Good for the kind of person who doesn't convert and uses stuff straight out of the box but not so great for converters I think.

Nice score though.


----------



## torealis (Dec 27, 2006)

he looks like he just tripped over.


----------



## Jacobite (Jan 26, 2007)

You think? 

That could just be the angle and the fact the head is shit. That said if I bought it I would probably angle the rocks up higher into the air to make him look like he was souring rather than diving.


----------



## hephesto (Feb 24, 2007)

Guessing the idea his that he's pushing of from the rocks he was sitting on. Pretty syre that with some GS skills and some time this could become one seriously cool WE or DE dragon. Actually like the pose more than the current 'looks at me I way a ton and but I still manage to keep my balance despite my awkward pose'-dragon :wink:

But to be hones, it still can't match up to the imho opinion very cool old dragonmasterdragon. Looks like a combo of this old one and the newer style dragons (check the feet, exactly the same)


----------



## Skcuzzlebumm (Dec 21, 2006)

this is all pritty much confirmed by a friend of mine:

4 new plastic kits (dragon / hero, Commander / Prince kit, two mages kit, and chariot kit... chariot gives you options for either the Tiranoc, or the White lion chariot)... core will NOT be redone

New Khoril Model / Pheonix guard hero / Master of the Shadow warriors!

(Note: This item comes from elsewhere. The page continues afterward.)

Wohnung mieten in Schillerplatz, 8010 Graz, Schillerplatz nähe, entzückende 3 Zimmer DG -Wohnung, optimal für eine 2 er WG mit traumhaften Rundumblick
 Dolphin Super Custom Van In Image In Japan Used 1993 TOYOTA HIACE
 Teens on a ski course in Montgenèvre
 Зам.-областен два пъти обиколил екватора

New shadow warrior models. 5-pack box.

All Highelves strike first in hand to hand. Period!

Swordmasters come with 2 attacks confirmed!

Pheonix guard get a 4+ward (never mentioned if it is a true ward, or in combat only etc... retain Fear)

6 special and 4 rares! @2k. (tho silver helms may become special plus any 2 choice for one slot(ie bolt throwers) have gone)


----------



## torealis (Dec 27, 2006)

disgusting. time to get a high elf army. no new cav models? shame...


----------



## Elchimpster (Jan 31, 2007)

I think the new models look cool.
High Elves were my first WFB army.


----------



## Cadian81st (Dec 24, 2006)

I had wanted to do a WHFB elf army, but my friends already play wood and dark, and up until know, high elves were expensive as shit. Yay for new releases!


----------



## hephesto (Feb 24, 2007)

*High Elf previews are up!*

Time to make some people happy;

....are those pegasus knight horseheads with the chariot ?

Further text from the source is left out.